And so, after much thought and consultation, a little note was written, saying nothing about the other contents or about the pouch itself. "Dear Miss Flower:" it read. "The enclosed was found by Captain Blake some time this morning. He had no time to deliver it in person. Yours sincerely. N. B. Blake."
She would enter into no explanation and would say nothing of the consultation. She could not bring herself to sign her name as usually she signed it, Nannie Bryan Blake. She had, as any man or woman would have had, a consuming desire to know what Miss Flower could be writing to a Mr. Moreau, whose correspondence turned up in this remarkable way, in the pouch of a painted Sioux. But she and they deemed it entirely needless to a.s.sure Miss Flower no alien eye had peered into the mysterious pages. (It might have resulted in marvellous developments if Miss Flower thought they had.) Note and enclosure were sent first thing next morning by the trusty hand of Master Sanford Ray, himself, and by him delivered in person to Miss Flower, who met him at the trader's gate. She took it, he said; and smiled, and thanked him charmingly before she opened it. She was coming out for her customary walk at the hour of guard mounting, but the next thing he knew she had "scooted"
indoors again.
And from that moment Miss Flower had not been seen.
All this was Mrs. Dade revolving in mind as she walked pityingly by the side of the troubled woman, only vaguely listening to her flow of words.

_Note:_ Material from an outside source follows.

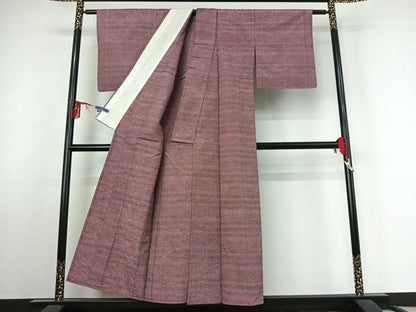 平和屋着物▽上質な紬 単衣 横段文 正絹 逸品 AABF2735jh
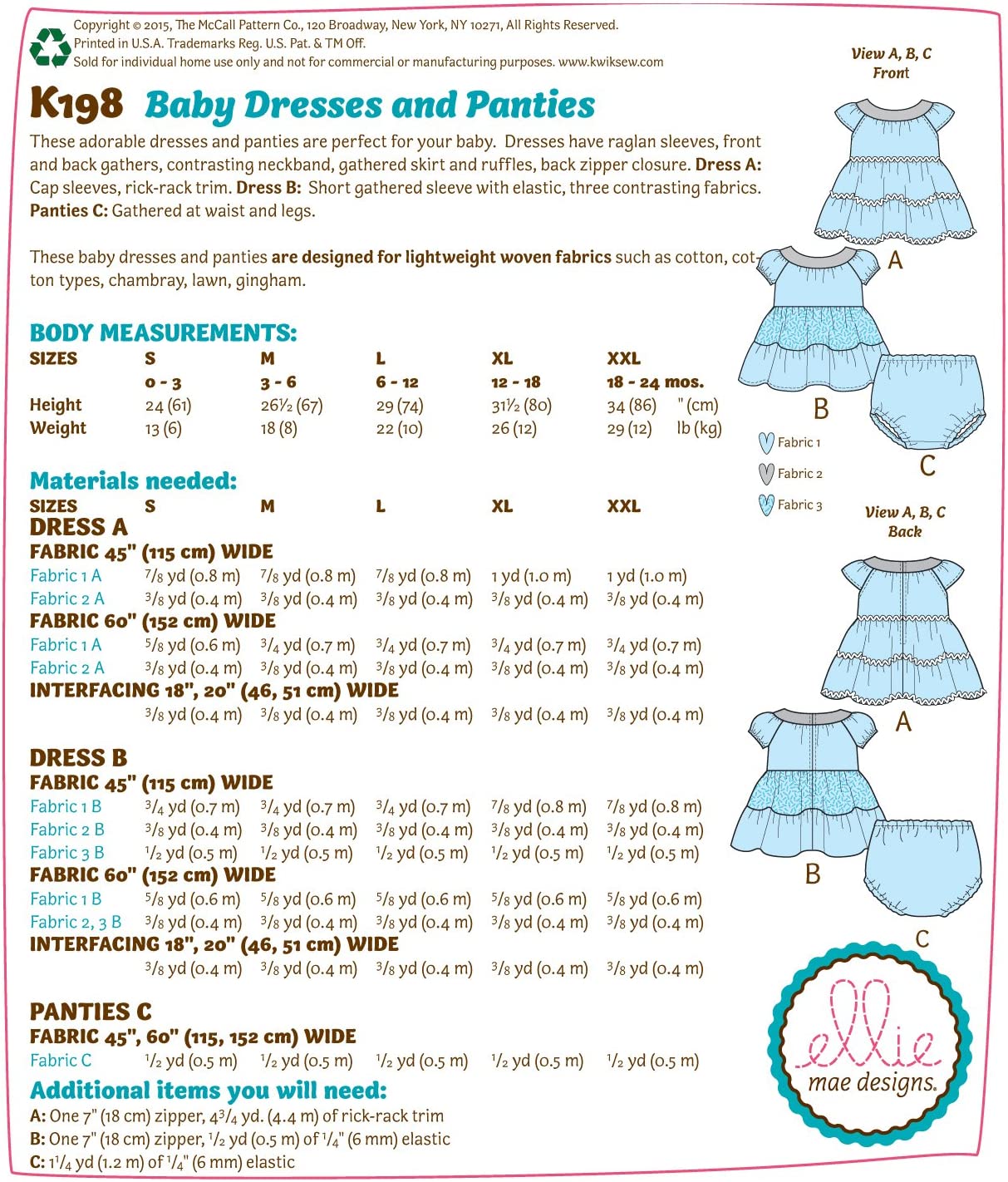 KwikSew® Papierschnittmuster Baby Kleid und Höschen K198, Größe 0-24 Monate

They had thought to be admitted to the little room in which the wounded officer lay, but as they tiptoed into the wide, airy hall and looked over the long vista of pink-striped coverlets in the big ward beyond, the doctor himself appeared at the entrance and barred the way.
"Is there nothing we can do?" asked Mrs. Dade, with tears in her voice.
"Is he--so much worse?"
"Nothing can be done just now," answered Waller, gravely. "He has had high fever during the night--has been wakeful and flighty again.
I--should rather no one entered just now."
And then they noted that even the steward who had been with poor Field was now hovering about the door of the dispensary and that only Dr.
Waller remained within the room. "I am hoping to get him to sleep again presently," said he. "And when he is mending there will be a host of things for you both to do."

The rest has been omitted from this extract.